La réglementation du travail est perçue comme trop contraignante par un dirigeant de PME sur deux, et beaucoup seraient prêts à embaucher s'il y avait plus de souplesse et de flexibilité. La confiance des dirigeants de PME dans le Gouvernement est tombée de 54 % en 2002 à 20 % en 2005, et seuls 15 % d'entre eux se disent optimistes. Alors qu'ils avaient créé 60 000 emplois en 2001, ils n'en créent quasiment plus aujourd'hui.

Les mesures annoncées par le Premier ministre dans sa déclaration de politique générale sont de bon sens, et méritent d'être soutenues.
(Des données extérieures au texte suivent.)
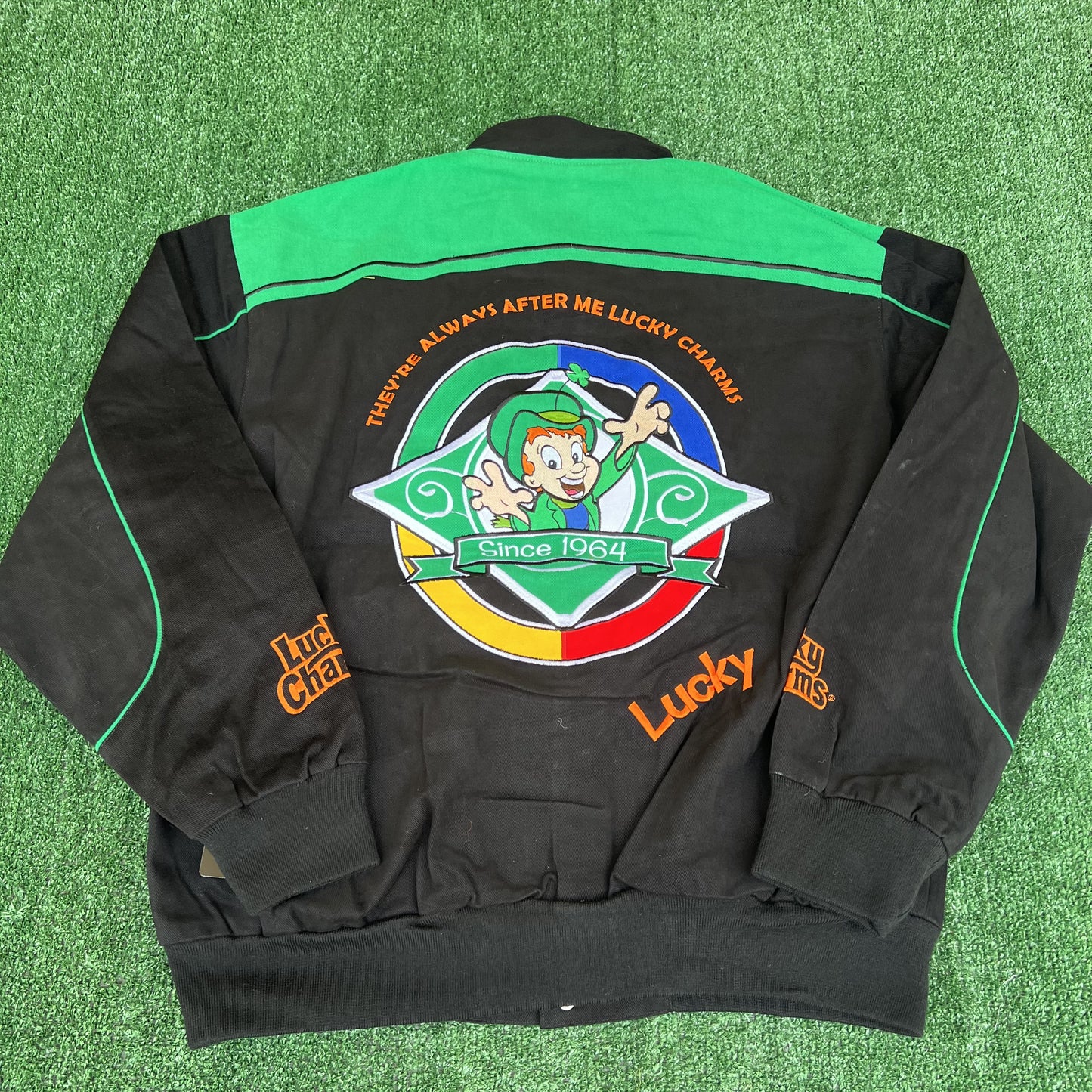 NWT VTG Lucky Charms NASCAR Jacket Men’s XL – Black Embroidered Racing Leprechaun RR Design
Certains articles du projet sont néanmoins trop complexes : ainsi, l'article 8 relatif aux provisions pour investissement comporte pas moins de quinze contraintes - il serait bon que le ministre se souvienne qu'il a promis d'être le ministre de la simplification ! S'agissant des chambres de commerce et d'industrie, qui font l'objet du titre VII, il serait temps de mettre davantage l'accent sur ce qu'elles doivent faire que sur ce qu'elles peuvent faire... Enfin, la loi Galland doit être avant tout rendue applicable, car rien n'est pire qu'un texte que les tribunaux sont incapables d'appliquer, ou que le pouvoir politique est impuissant à faire respecter ; par ailleurs, il ne faut pas confondre l'interdiction de revendre au-dessous du prix d'achat et la lutte contre la pratique des marges arrière.

M. Michel Vergnier a regretté, au nom du groupe socialiste, que le projet de loi vienne en discussion de façon précipitée, et que l'urgence déclarée prive le législateur d'utiles navettes : ceux qui sont concernés par ses dispositions méritaient de meilleures conditions d'examen, d'autant que certains points font l'objet de nombreuses réserves, critiques ou craintes. La nécessité de soutenir les PME n'est guère contestée, ni celle de réformer la loi Galland. L'amélioration du statut des conjoints, la facilitation de la transmission, la régulation des enchères électroniques sont assurément des éléments positifs. Reste que les sujets abordés sont bien disparates : réforme des chambres de commerce et d'industrie - mais non pas, étrangement, des chambres de métiers-, sociétés d'exercice libéral, travail illégal, travail dans l'industrie cinématographique, etc. Surtout, on peut redouter que certaines dispositions ne soient contrecarrées par d'autres textes du Gouvernement, comme le projet de loi sur les services à la personne, ou comme le contrat nouvelle embauche, assimilable à une sorte de contrat de 24 heures renouvelable 730 fois... Il n'y a, enfin, aucune mesure en faveur des salariés des PME, ni de l'aide à la reprise par le salarié principal - qui est souvent, pourtant, le mieux placé car le plus apte -, et la création du comité d'action sociale inter-entreprises, naguère envisagée par le secrétaire d'Etat François Patriat, ne semble pas davantage à l'ordre du jour.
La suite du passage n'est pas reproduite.